U.K. manufacturing output in March was 3.3 percent higher than a year ago and 2.3 percent better than the previous month, government statisticians said Tuesday, giving hope that the economic recovery was accelerating.
A downbeat report on retail sales, however, added a cautionary note.
Total output of production industries — which includes manufacturing — was 2 percent better than a year ago.
Britain's motor vehicle manufacturers led the gain with a 52.3 increase compared to a year earlier.
A drop of 3.8 percent in oil and gas extraction and a 14 percent fall in coal production weighed on the overall production index.
"This is a really spectacular performance by the manufacturing sector, which is a real shot in the arm for the economy," said Howard Archer, economist at IHS Global Insight.
Separately, however, the British Retail Consortium said retail sales fell 2.3 percent in April compared to a year ago, partly due to Easter falling earlier this year.
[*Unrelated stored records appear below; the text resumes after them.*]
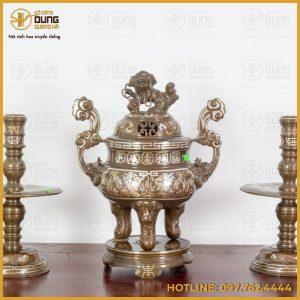 Tam sự nến đỉnh chạm song long chầu nguyệt đồng đỏ khảm tam khí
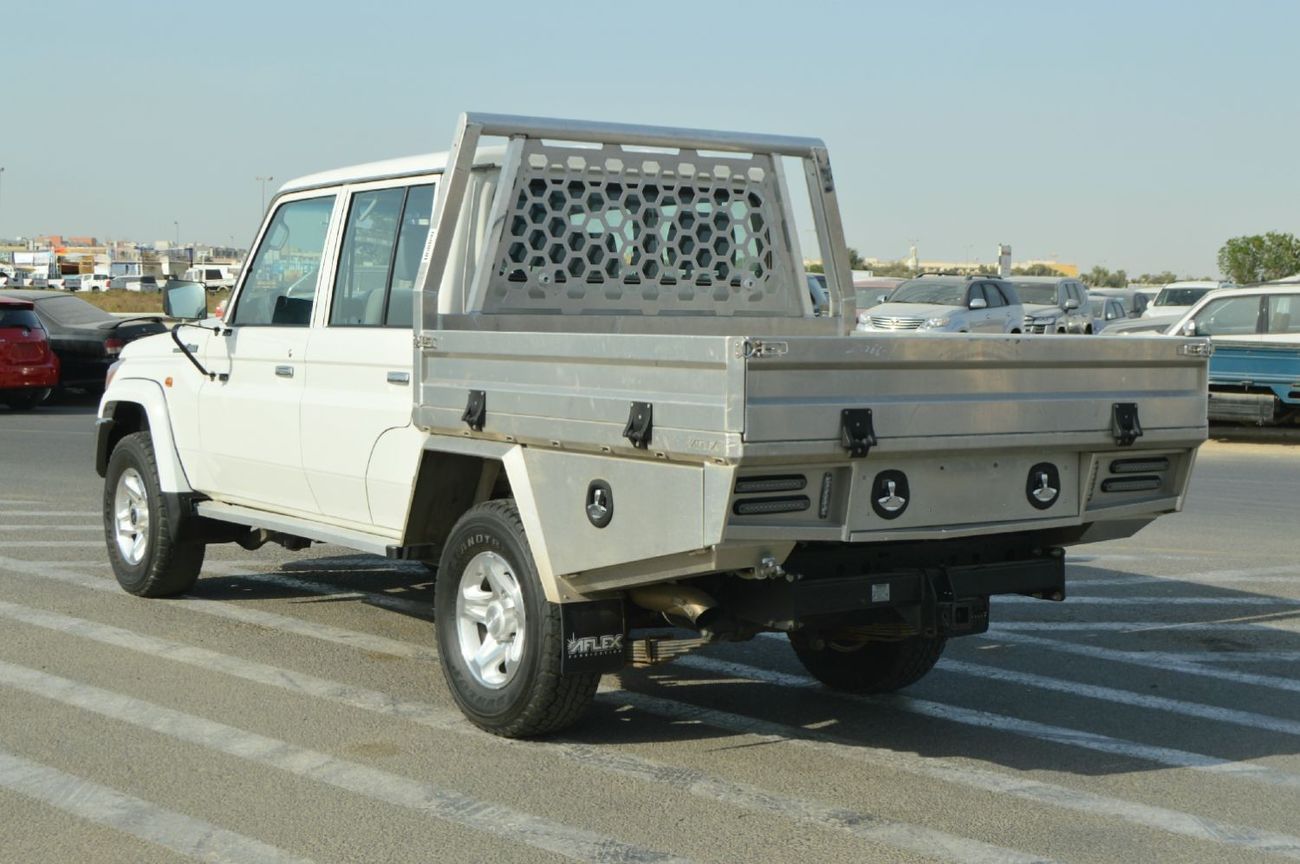 تويوتا لاند كروزر بيك آب 4.5L Double cabin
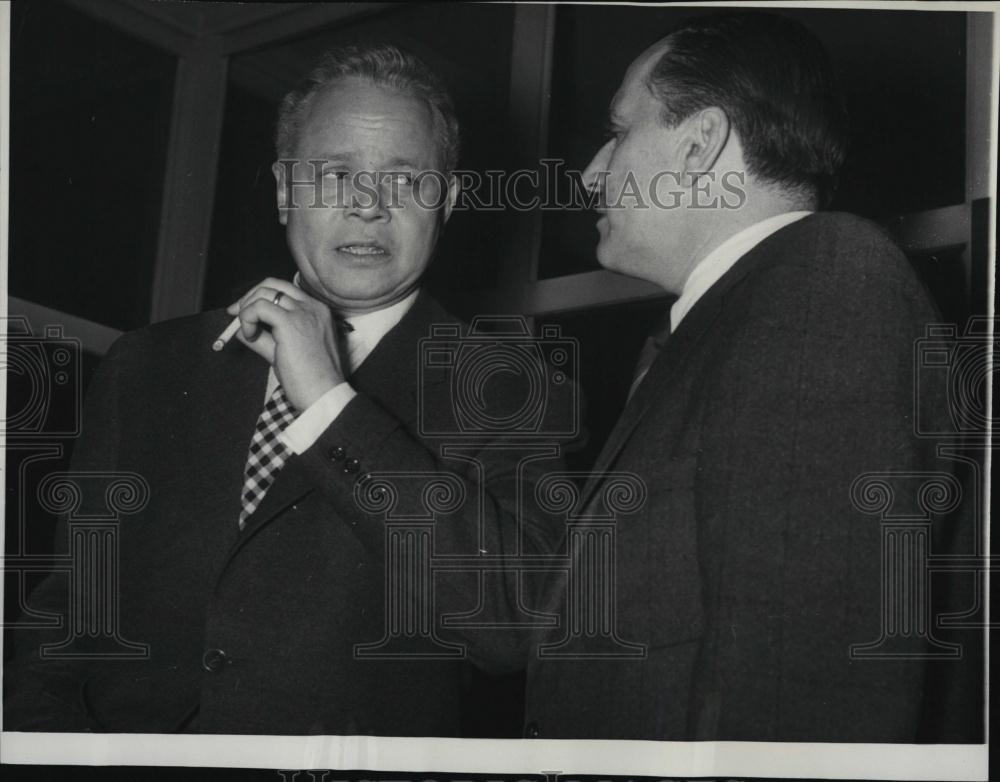 1956 Press Photo Singer Billy Daniels and manager attorney Chauncey S Olman - Historic Images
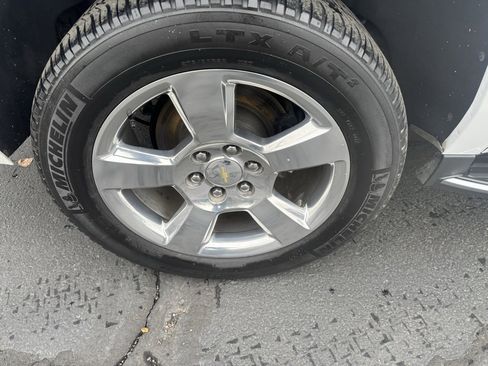 Used 2017 Chevrolet Suburban Premier image 9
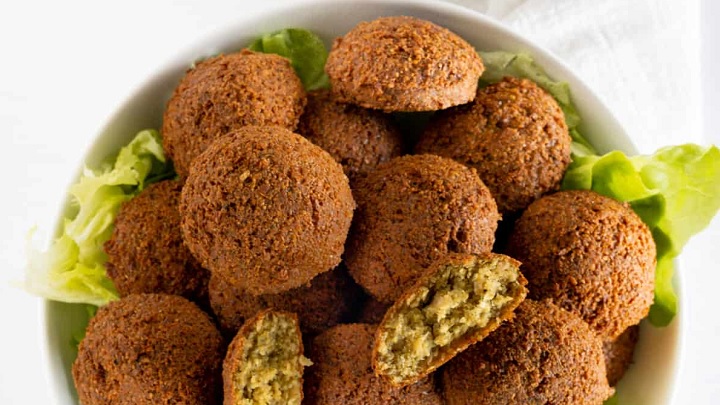 طرز تهیه فلافل عربی سرخ کردنی با سس انبه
The figure does not account for new store openings.
Gross sales were down 0.2 percent compared to last year, compared with a 6.3 percent gain in April 2009.
"Industry still has a lot of ground to make up after the deep recession production is still down by over 10 percent from its peak back in 2007," said Jonathan Loynes at Capital Economics.
"With today's BRC survey underlining the fragile outlook for consumer spending, it is far from clear that industry at just 17 percent of gross domestic product can drive a strong recovery in the overall economy," Loynes added.